The tremendous gravitational influence of the black holes generates turbulent conditions in this material, which also feeds the black hole over time, heating it and causing it to glow brightly. Regions powered by supermassive black holes in this way are called "quasars," and the regions of their galaxies they sit in are known as "active galactic nuclei (AGNs)."
These newly found, "red dot" black hole regions could be different from other quasars, even those the JWST has already seen in the early universe. For instance, the red dot black holes seem to produce far more ultraviolet light than expected. Still, the most shocking thing about these supermassive black holes remains just how massive they seem.
"Normally, supermassive black holes are paired with galaxies," Leja said. "They grow up together and go through all their major life experiences together. But here, we have a fully formed adult black hole living inside of what should be a baby galaxy.
"That doesn't really make sense because these things should grow together, or at least that’s what we thought."
This illustration depicts two quasars in the process of merging. Using both the Gemini North telescope and the Subaru Telescope, a team of astronomers have discovered a pair of merging quasars seen only 900 million years after the Big Bang.
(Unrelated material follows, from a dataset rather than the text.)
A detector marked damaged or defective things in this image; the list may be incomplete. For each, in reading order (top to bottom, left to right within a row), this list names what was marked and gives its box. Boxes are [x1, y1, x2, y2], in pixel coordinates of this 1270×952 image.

Not only is this the most distant pair of merging quasars ever found, but also the first confirmed pair found in the period of the universe known as cosmic dawn.
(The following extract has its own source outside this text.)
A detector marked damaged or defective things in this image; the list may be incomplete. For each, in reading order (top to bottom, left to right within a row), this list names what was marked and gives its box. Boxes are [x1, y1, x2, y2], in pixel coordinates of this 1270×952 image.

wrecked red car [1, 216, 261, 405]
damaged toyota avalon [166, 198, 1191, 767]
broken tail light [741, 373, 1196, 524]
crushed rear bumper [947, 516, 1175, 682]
This illustration depicts two quasars in the process of merging in the period of the universe known as cosmic dawn. (Image credit: International Gemini Observatory/NOIRLab/NSF/AURA/M. Garlick)
The red dot galaxies themselves are also surprising. They seem to be much smaller than other galaxies despite having almost as many stars. That means the red dot galaxies seem to consist of between 10 billion and 1 trillion stars crammed into a galaxy a few hundred light-years across with a volume 1,000 times smaller than the Milky Way.
To put that into context, if the Milky Way were reduced to the size of one of these red dot galaxies, then the closest star to the sun (Proxima Centauri, which is 4.2 light-years away) would be within the solar system. Additionally, the distance between the Earth and the Milky Way's supermassive black hole, Sgr A*, would be reduced from 26,000 light-years to just 26 light-years. That would see it and its surroundings appearing in the night sky over Earth.
"These early galaxies would be so dense with stars — stars that must have formed in a way we've never seen, under conditions we would never expect during a period in which we’d never expect to see them," Leja said. "And for whatever reason, the universe stopped making objects like these after just a couple of billion years. They are unique to the early universe."
The team intends to follow up on its findings with more observations of these confusing little red dots to understand the dots' mysteries better. This will include obtaining deeper spectra by pointing the JWST at the red objects for prolonged periods of time to obtain emission spectra of light associated with various elements. This could help unravel the contributions of ancient stars and supermassive black holes in the galaxies.
"There's another way that we could have a breakthrough, and that's just [having] the right idea," Leja concluded. "We have all these puzzle pieces, and they only fit if we ignore the fact that some of them are breaking. This problem is amenable to a stroke of genius that has so far eluded us, all of our collaborators, and the entire scientific community.
"Honestly, it's thrilling to have so much of this mystery left to figure out."
The team's research was published on June 26 in the journal Astrophysical Journal Letters.